After Bari, it will be Otranto’s turn to host Scianna’s precious photography exhibition by Oscar Iarussi

Assoro, 1998. Photo by Ferdinando Scianna
“Tu non conosci il Sud” (You don’t know the South) is a short poetic explosion by the Apulian poet Vittorio Bodini (1914-1970). It illuminates the pathway of a cultural initiative which aims to stimulate encounters, stir thoughts and unleash emotions. This is necessary in the South, so often misrepresented as a gallery of grotesque caricatures or criminals, and while such figures do exist, they do in Italy as a whole. Stereotyped images from second-rate TV drama demean and damage the complexity and potential of entire regions. Politicians in primis have for some time appeared either indifferent to the South or occasionally attempt to turn it into a brand, as if the land – have you actually touched this land? – could ever be a matter of marketing rather than of choices, spirit and courage. “Tu non conosci il Sud”. Precisely, because here there is neither Gomorrah around every corner nor do we dance the pizzica all year round. “Tu non conosci il Sud” because it is not “a paradise inhabited by devils”, the myth – and the alibi – that best satisfies and reassures the public, even in the South itself.
Ferdinando Scianna’s “The South and Women” photography exhibition is part of this cultural initiative, founded in Bari a few months ago, and which has thus far proved itself a generous “messenger”. Following on from the foyer of the Petruzzelli theatre in Bari and the Casa Cava in Matera, named European Capital of Culture for 2019, it is now the turn of the Aragonese Castle of Otranto to accommodate the magnificent images of one of the most highly respected Italian photographers, a much loved and unconventional master. The female faces on display are not icons, but exercises in the reality of his rapturous beauty.
Moreover, the formula of “Tu non conosci il Sud” gathers diverse disciplines and languages in order to fraternize towards a common purpose: to contribute to the honour and symbolic concreteness of the South. For Scianna as a young Sicilian photojournalist his meeting with Leonardo Sciascia was decisive, the writer revealed, thanks to his Le parrocchie di Regalpetra (Bari, 1956), which appeared in the innovative “Libri del tempo”, published by Vito Laterza. The same series also includes Contadini del Sud by Rocco Scotellaro, poet and modern intellectual, perhaps “younger” today than in 1953 when, misunderstood, he passed away at the age of only thirty (Scotellaro has been chosen as one of the tutelary deities of Matera 2019).
Sciascia and Bodini exchanged letters, ideas and dreamt of a Mediterranean collection of ancient and modern texts. Distant voices that, if you listen hard enough, still echo in the fortress at Otranto. Its original structure dates back almost a thousand years, and restoration will soon be complete that could revive it as a cultural centre.
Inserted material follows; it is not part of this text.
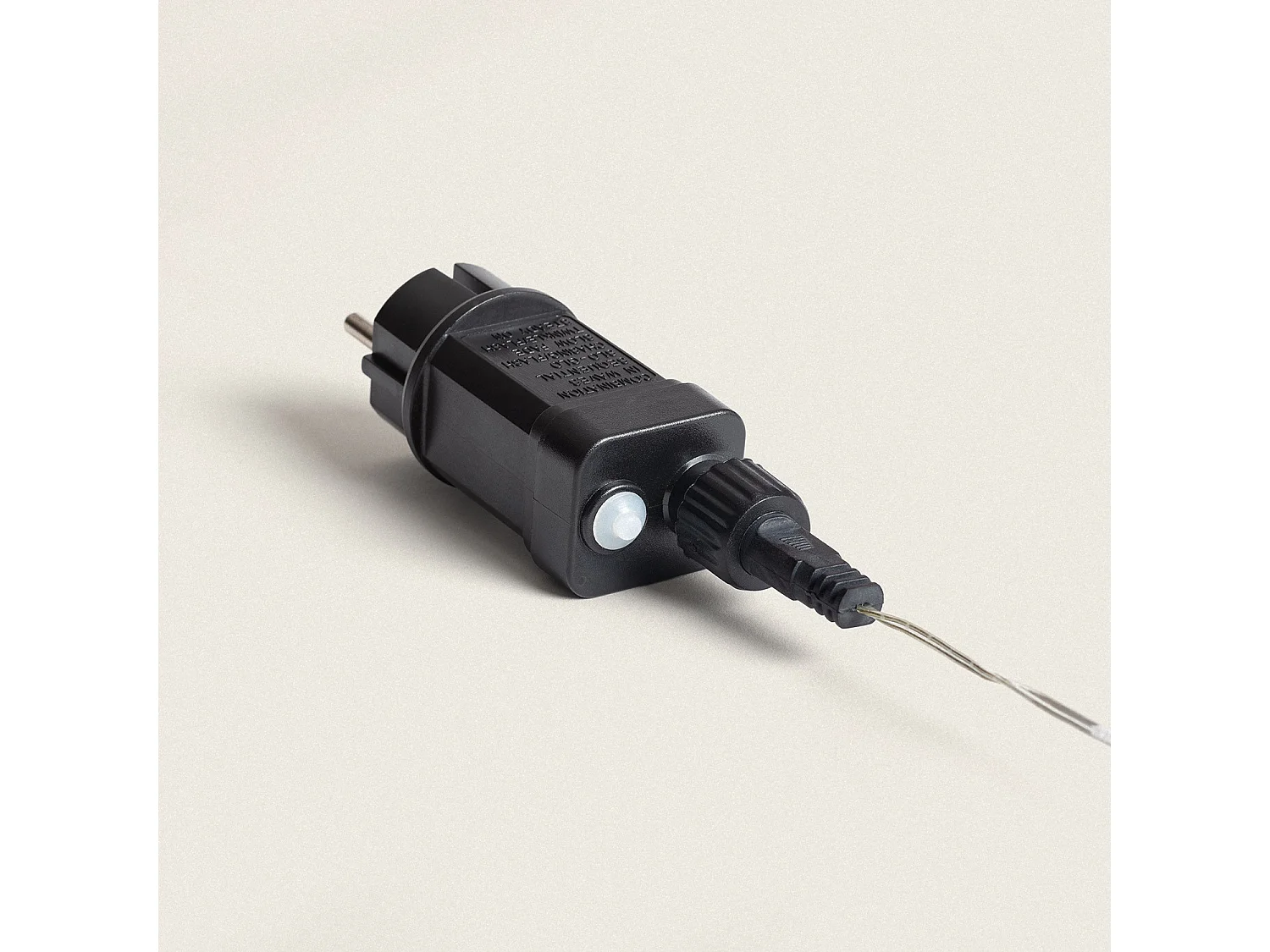 Guirnalda Exterior LED Transparente Blanco Cálido 18m Transparente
The ancient imago urbis of this town with its Cathedral of Martyrs and the sea therefore has one eye on the future, a town placed “between holy water and salt water”, to quote the apt definition of the Kingdom of Naples, coined by Ernesto de Martino.
“Tu non conosci il Sud, le case di calce / da cui uscivamo al sole come numeri / dalla faccia d’un dado” (You do not know the South, the houses of lime / from which we went out under the sun like numbers / on the faces of a dice). Verses that sound like a dizzy gamble. There is a sign of the now well-known condition of being a “number”, for example as an insecure or anonymous worker. Therefore let’s start from the South – and in the South you can. The essence of Otranto bears witness to this: a frontier for the dawn, the tenacious east, the Mediterranean without rhetoric. It is simply destined for beginnings.